Audio Analysis V6 Classifier

The Cyanite API exposes a variety of classifiers for your music.

BPM

The BPM classifier provides you the BPM of the track.

Key

The Key classifier provides you with the predicted key.

Mood

The mood multi-label classifier provides the following labels:

aggressive, calm, chilled, dark, energetic, epic, happy, romantic, sad, scary, sexy, ethereal, uplifting

Each label has a score ranging from 0-1, where 0 (0%) indicates that the track is unlikely to represent a given mood and 1 (100%) indicates a high probability that the track represents a given mood.

Since the mood of a track might not always be properly described by a single tag, the mood classifier is able to predict multiple moods for a given song instead of only one. A track could be classified with dark (Score: 0.9), while also being classified with aggressive (Score: 0.8).

The mood can be retrieved both averaged over the whole track and segment-wise over time with 15s temporal resolution. In addition to the score, the API also exposes a list that includes the most likely moods, or the term ambiguous in case of none of the audio not reflecting any of our mood tags properly.

In addition you can access advanced mood which is more detailed taxonomy.

Genre

The genre multi-label classifier provides the following labels:

ambient, blues, classical, electronicDance, folkCountry, funkSoul, jazz, latin, metal, pop,rapHipHop, reggae, rnb, rock, singerSongwriter

Each label has a score ranging from 0-1 where 0 (0%) indicates that the track is unlikely to represent a given genre and 1 (100%) indicates a high probability that track represents a given genre.

Since music could break genre borders the genre classifier can predict multiple genres for a given song instead of only predicting one genre. A track could be classified with rapHipHop (Score: 0.9) but also reggae (Score: 0.8).

The genre can be retrieved both averaged over the whole track and segment-wise over time with 15s temporal resolution. In addition to the score, the API also exposes a list that includes the most likely genres.

Sub-genre

For some tracks an additional sub-genre can be predicted. Possible sub-genres include:

bluesRock, folkRock, hardRock, indieAlternative, psychedelicProgressiveRock, punk, rockAndRoll, popSoftRock, abstractIDMLeftfield, breakbeatDnB, deepHouse, electro, house, minimal, synthPop, techHouse, techno, trance, contemporaryRnB, gangsta, jazzyHipHop, popRap, trap, blackMetal, deathMetal, doomMetal, heavyMetal, metalcore, nuMetal, disco, funk, gospel, neoSoul, soul, bigBandSwing, bebop, contemporaryJazz, easyListening, fusion, latinJazz, smoothJazz, country, folk

Each label has a score ranging from 0-1 where 0 (0%) indicates that the track is unlikely to represent a given sub-genre and 1 (100%) indicates a high probability that track represents a given sub-genre.

The sub-genre can be retrieved both averaged over the whole track and segment-wise over time with 15s temporal resolution. In addition to the score, the API also exposes a list that includes the most likely sub-genres.

caution

Some tracks don't have any sub-genre. In this case the sub-genre tags is an empty array and averaged segments values are unavailable.

Voice

The voice classifier categorizes the audio as female or male singing voice or instrumental (non-vocal).
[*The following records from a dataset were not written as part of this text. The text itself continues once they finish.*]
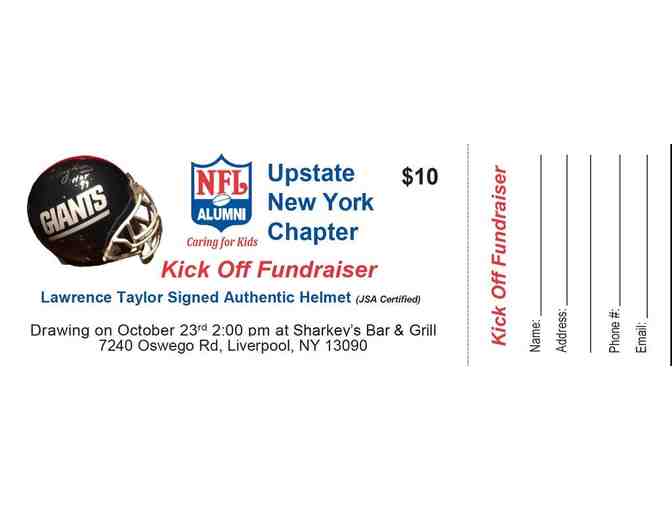 NFL Alumni Upstate New York Chapter Kickoff Raffle Fundraiser Ticket (1)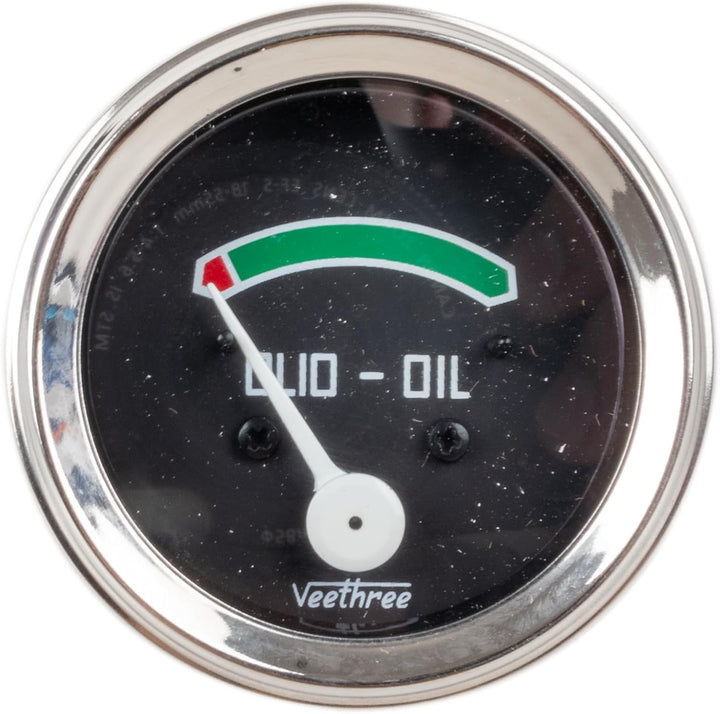 Ama Mechanischer Motoröl Manometer: Öldruck landwirtschaftliche Maschinen von 0-8 bar, Dima 52 mm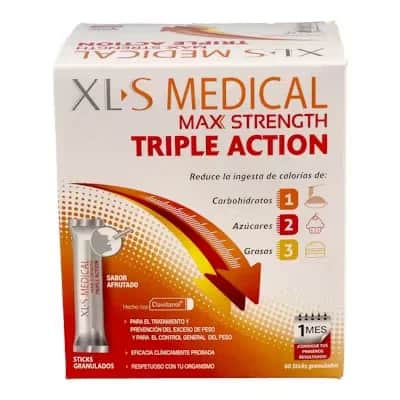 XLS Max 60 Sticks - Control de Peso
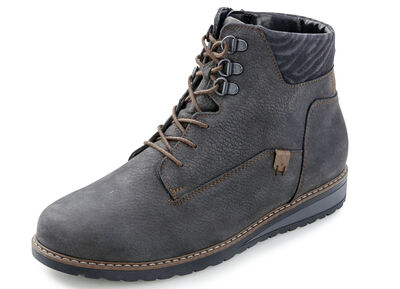 Waldläufer Schnür-Stiefelette mit Warmfutter aus reiner Baumwolle 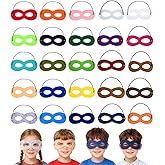 GIETIOS Superhero Masks for Kids Party Cosplay Dress Up Superhero Eye Masks for Halloween Christmas Birthday 25Pcs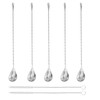 Set of 5 Bar Spoons, Stirrer, Long Cocktail Stirrer, Gin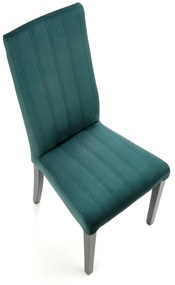 DIEGO 2 chair, color: quilted velvet Stripes - MONOLITH 37 DIOMMI V-PL-N-DIEGO_2-CZARNY-MONOLITH37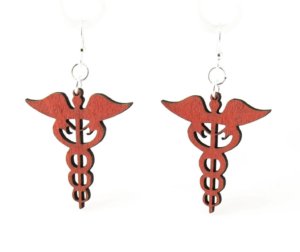 Green Tree Jewelry - Medical Symbol Earrings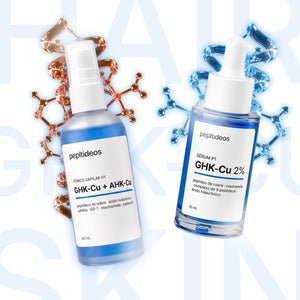 Combo peptídeos (PELE E CABELO) - Sérum P1 de GHK-CU + Tônico H1 de GHK-CU & AHK-CU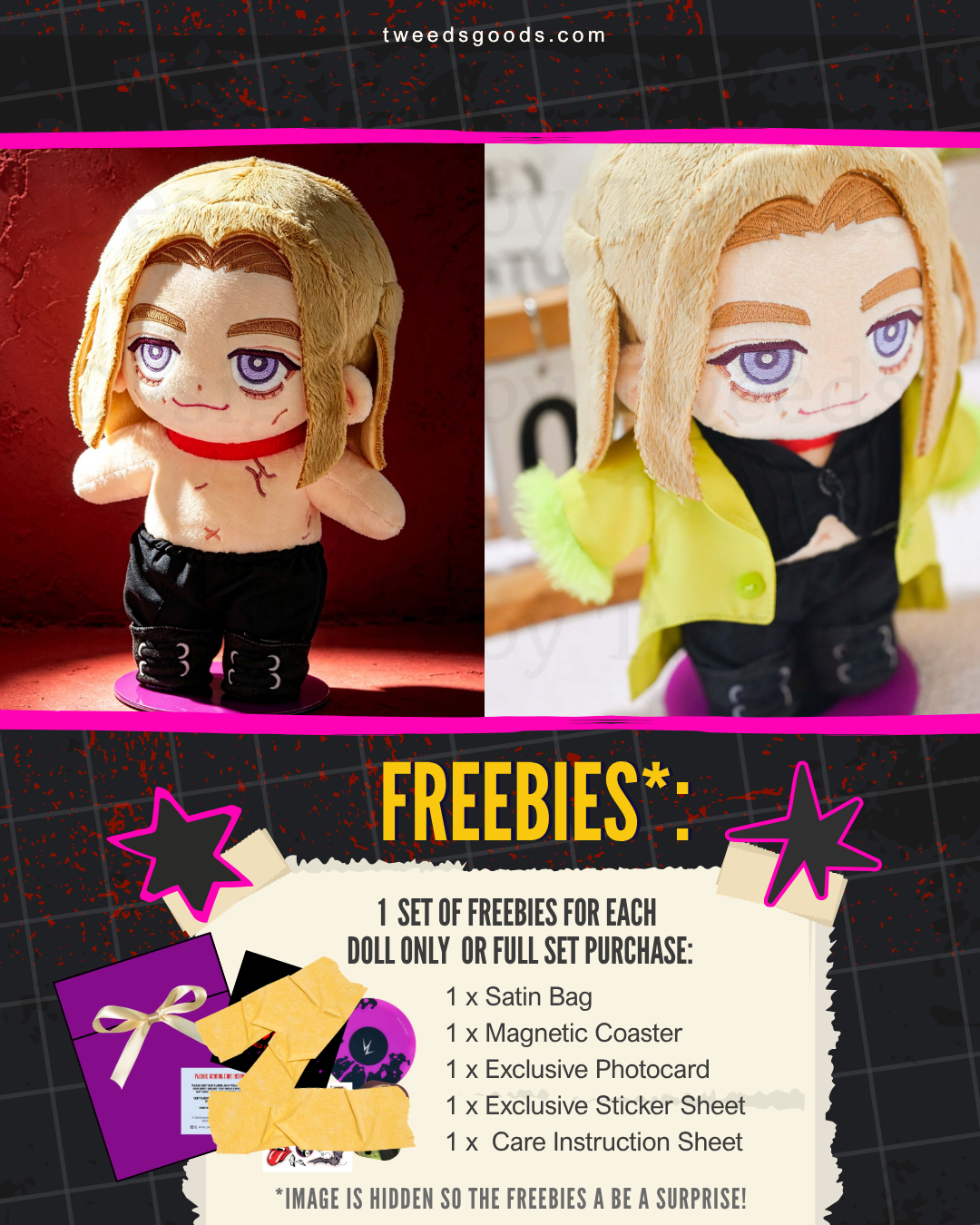 INTERNATIONAL PREORDER: 20cm Rockstar Lestat Plushie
Each label has a score ranging from 0-1 where 0 (0%) indicates that the track is unlikely to have the given voice elements and 1 (100%) indicates a high probability that track contains the given voice elements.

The voice classifier results can be retrieved both averaged over the whole track and segment-wise over time with 15s temporal resolution.

Voice Presence Profile

This label describes the amount of singing voice throughout the full duration of the track and may be none, low, medium or high.

AudioAnalysisV6Segments.voicePresenceProfile

Predominant Voice Gender

This label indicates if the predominant singing voice holds more likely female or male characteristics. It may be none if no singing voice is detected.

AudioAnalysisV6Segments.predominantVoiceGender

Voice Tags

The label provides tags for voice classification. Possible values are female, male and instrumental.

AudioAnalysisV6Segments.voiceTags

Instruments

The instrument classifier predicts the presence of the following instruments: percussion, synth, piano, acousticGuitar, electricGuitar, strings, bass, bassGuitar and brassWoodwinds.

It is possible to retrieve the presence of each instrument for each track segment, a list of the dominant instruments and a taxonomy that describes the presence of each instrument over the complete track.

The segment instrument score reaches from 0-1 where 0 (0%) indicates that the segment is unlikely to contain a given instrument and 1 (100%) indicates a high probability that the track segment contains a given instrument.

The taxonomy absent, partially, frequently and throughout describe the presence of each instrument

Taxonomy	Description
`absent`	Instrument has not been detected
`throughout`	Instrument is detected throughout the full duration of the track
`frequently`	Instrument is detected in major parts of the track
`partially`	Instrument is detected in minor parts of the track.

Valence / Arousal

The valence / arousal regression model predicts the degree of valence or arousal of a track.

Each label has a score ranging from -1 to 1 where -1 indicates the lowest degree (negative valence, negative arousal) and 1 indicates the highest degree (positive valence, positive arousal).

The valence / arousal results can be retrieved both averaged over the whole track and segment-wise over time with 15s temporal resolution.

Energy Level

The Energy Level is a label for the intensity of an analysed track which can be either variable, medium, high, low.

A low Energy Level indicates a calm overall appearance of a track while a high one stands for more strong and powerful characteristics. A track with a variable energy level will hold steady changes in its intensity profile.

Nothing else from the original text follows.